Religious Discrimination - Meetings in Library

In 2004, Contra Costa County Library officials (Antioch, California) prohibited evangelist Hattie Hopkins from using a public room in the library for a service. The prohibition was based solely on the religious nature of the room's proposed use. She has had a long court battle to secure the right to use this room. Her attorney said, "This is a meeting room in a library that is basically open to about anything you can imagine, from meetings of political parties — the Democrats had meetings there — to tryouts for ‘American Idol’ to you name it, and that the only thing that was singled out were certain types of religious meetings."

The Supreme Court long ago said that public facilities open for general use could not have rules or policies that limited their use by religious groups. Yet the case has not been resolved until June of 2009 when the District Court said the library had to allow religious use of this facility. In this particular case, the U.S. Department of Justice filed a friend of the court brief supporting Hattie's position.

This would not be so interesting if the library had policies that restricted various types of use that included religious meetings.
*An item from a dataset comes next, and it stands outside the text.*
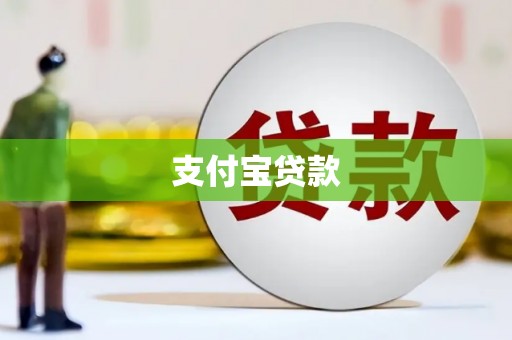 天元支付宝贷款
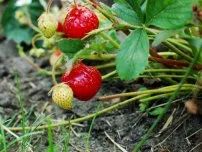 Секрети успішного вирощування полуниці на дачі, садівник (садиба) (полуниця вирощування дача) Секрети успішного вирощування полуниці на дачі, садівник (садиба)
But to prohibit only religious use is not "avoiding an establishment of religion" (not that libraries are required to avoid that); it is simply discrimination based on religion.

Read the first part of story here, which is to the point when the 9th Circuit Court of Appeals declined to hear her case:

ADF attorneys to appeal California equal access library case to U.S. Supreme Court

Then you can see the final chapter here, where she won the case (with the help of the Alliance Defense Fund):

Long court battle ends in evangelist’s favor

Read another article about this story from the California Catholic Daily

We can be thankful there are groups like the ADF who will help people who could not otherwise afford to fight for their rights.